On a recent afternoon at RiseBoro Youth Center in Brooklyn, the flutist Claire Chase was dangerously close to losing a game of basketball to two young boys. The stage director Doug Fitch was teaching a girl the Philippine folk dance Tinikling.
This lunch break was of a piece with the relationship-building focus of the rehearsals for “Pan,” a genre-defying work for Ms. Chase and mass community participation. The piece, with music by Marcos Balter, tells a version of the mythical story of the demigod Pan while exploring how storytelling and music can bring people together; it has its premiere on Friday at the Kitchen in Manhattan.

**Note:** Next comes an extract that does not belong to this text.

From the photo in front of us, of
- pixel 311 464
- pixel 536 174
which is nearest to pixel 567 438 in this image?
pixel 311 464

“What Marcos has written, really, is something for collective virtuosity,” said Mr. Fitch, the production’s director, whose credits include an ingeniously staged “Le Grand Macabre” with the New York Philharmonic.
Indeed, no experience is required for the dozens of community participants, a diverse crowd including grade-school students and retirees from the Roundtable Neighborhood Senior Center in Brooklyn. While Mr. Balter’s writing for the flute soloist is bafflingly complex, for the other performers he breaks free from traditional notation, offering illustrations and directions in lieu of sheet music.
“Pan” is the latest installment in Ms. Chase’s four-year-old “Density 2036” project, for which she plans to commission a new program for her instrument annually in the lead-up to the 100th anniversary of Varèse’s 1936 flute masterpiece “Density 21.5.” It is also the most recent work produced by Jane Saks and Project&, the organization behind community-centered art like the installation “This Is Reading,” made with the playwright Lynn Nottage to accompany her Pulitzer Prize-winning “Sweat.”